Tuesday, October 04, 2005

Harriet Miers: closer to Coulter than O'Connor

According to Joshua Frank, there's enough poop on Harriet Miers to clearly validate her credentials as a card carrying Bushevik. While Miers is touted as a trailblazer for her role at the helm of Dallas-based Locke, Liddell & Sapp, the firm represented Russell Erxleben for his foreign currency trading Ponzi scheme. Erxleben pleaded guilty to securities-fraud & federal conspiracy charges, his co-conspirators paid a $22 million settlement after being charged with aiding him in his scheme [emphasis mine]
When Houston attorney Janet Mortenson was named permanent receiver for
Russell Erxleben's failed Austin Forex International one year ago she
became privy to the work product from the lawyers who had advised the
former University of Texas star kicker.

Mortenson's lawyers, from Austin's Bickerstaff, Heath, Smiley, Pollan,
Kever & McDaniel, allege she found notes and memos indicating that
Erxleben's lawyers aided him in defrauding investors in his currency
trading company.

Now Mortenson and investors who lost at least $ 33 million have joined
in a suit against two prominent law firms, four individual lawyers, an
accounting giant and a California currency trading company.

"We think we can prove what happened basically through the writings of
the lawyers themselves," says Bickerstaff partner Michael Shaunessy.
"[Mortenson] has the unique advantage of having certain privileged
information that investors wouldn't have on their own."

The suit, filed Oct. 13 in Travis County, names Locke Liddell & Sapp and Sheinfeld, Maley & Kay, along with four lawyers who work or formerly worked for those firms.
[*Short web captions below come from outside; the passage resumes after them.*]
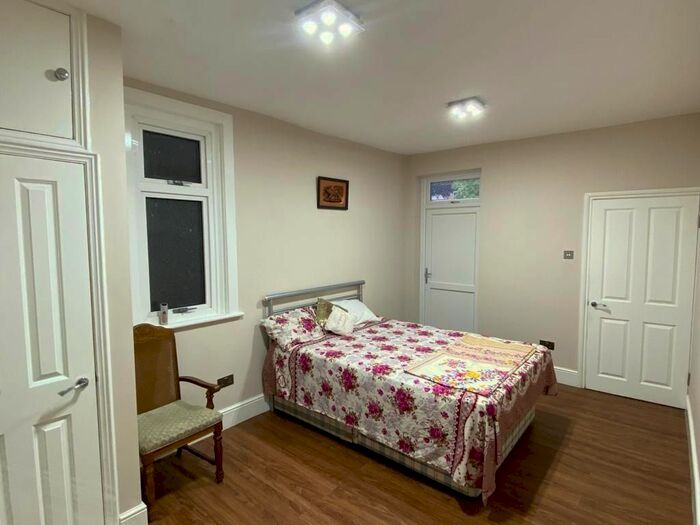 1 Bedroom Studio To Rent In Beatrice Avenue, London, SW16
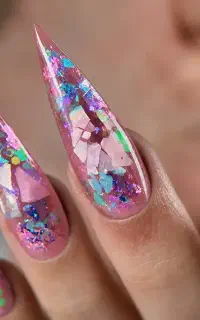 آموزش و ارائه کلیه خدمات ناخن،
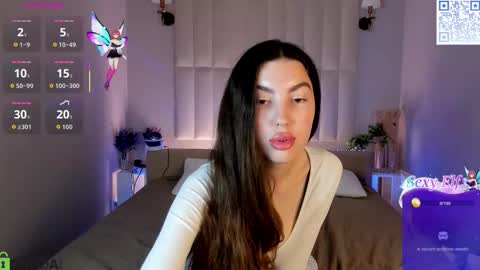 Lira revery online show from 15, 12, 2025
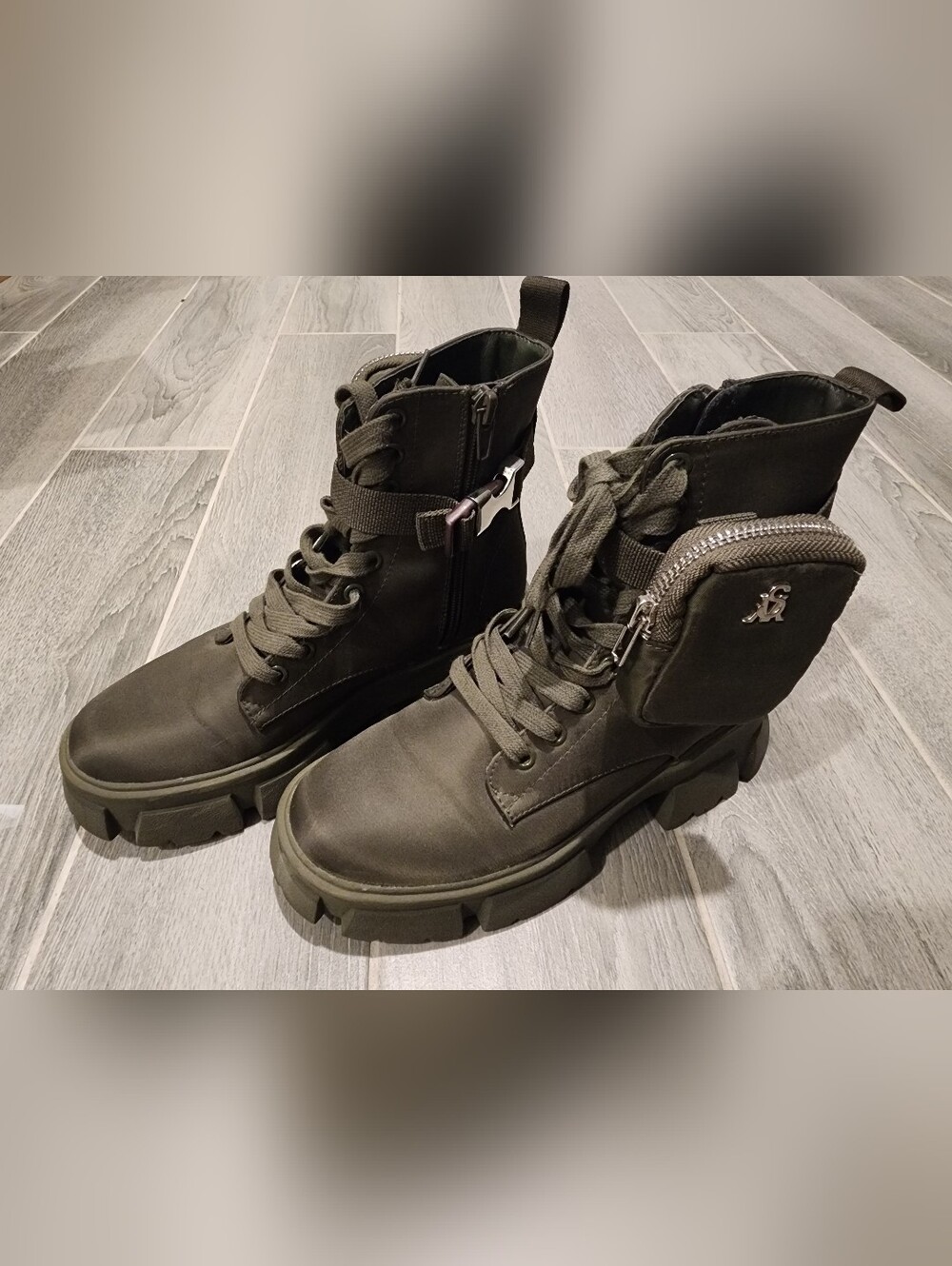 Steve Madden Tanker Boots & BVital Crossbody Bundle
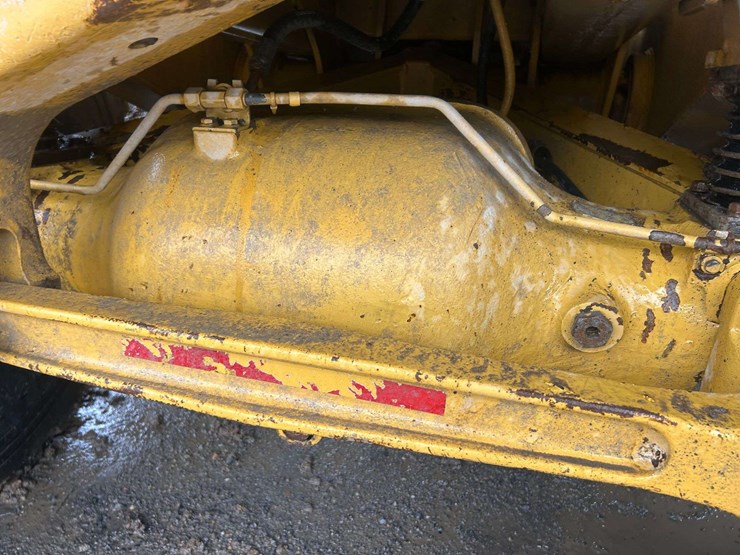 2008-caterpillar-725-image-38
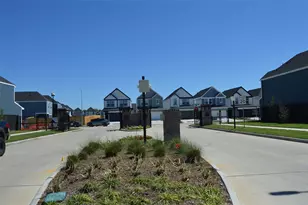 10212 Berkeley Springs Trail Trail, Houston, TX 77051 - Photo 25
They are Locke Liddell partner Curtis Ashmos of Austin, former partners Daniel N. Matheson III and Jane Matheson, and Sheinfeld, Maley shareholder Lee Polson.

[snip]

In April 1997, AFI hired Locke Purnell Rain Harrell, today know as Locke
Liddell & Sapp. That month, the petition alleges, Dan Matheson wrote
after meeting Erxleben: "Funds not segregated but pooled w/ the funds of
others . . . & allocated on basis deemed to be fair and reasonable by
AFI, but solely at AFI's discretion."

That, the petition alleges, shows the lawyers knew or should have known that AFI was an issuer of securities. An October 1997 letter from Ashmosto Erxleben confirmed that registration was not necessary. The petition claims that the letter was used to assure investors that AFI was not selling securities.

That same month, according to the petition, Jane Matheson learned of
AFI's substantial losses as she was working on a life insurance trust
for Erxleben. "Jane Matheson was told that AFI had 100 investors who had invested $ 5 million with the company. She was told that of this amount $ 1 million was in negative positions," the suit alleges, referring to a memo in the exhibits.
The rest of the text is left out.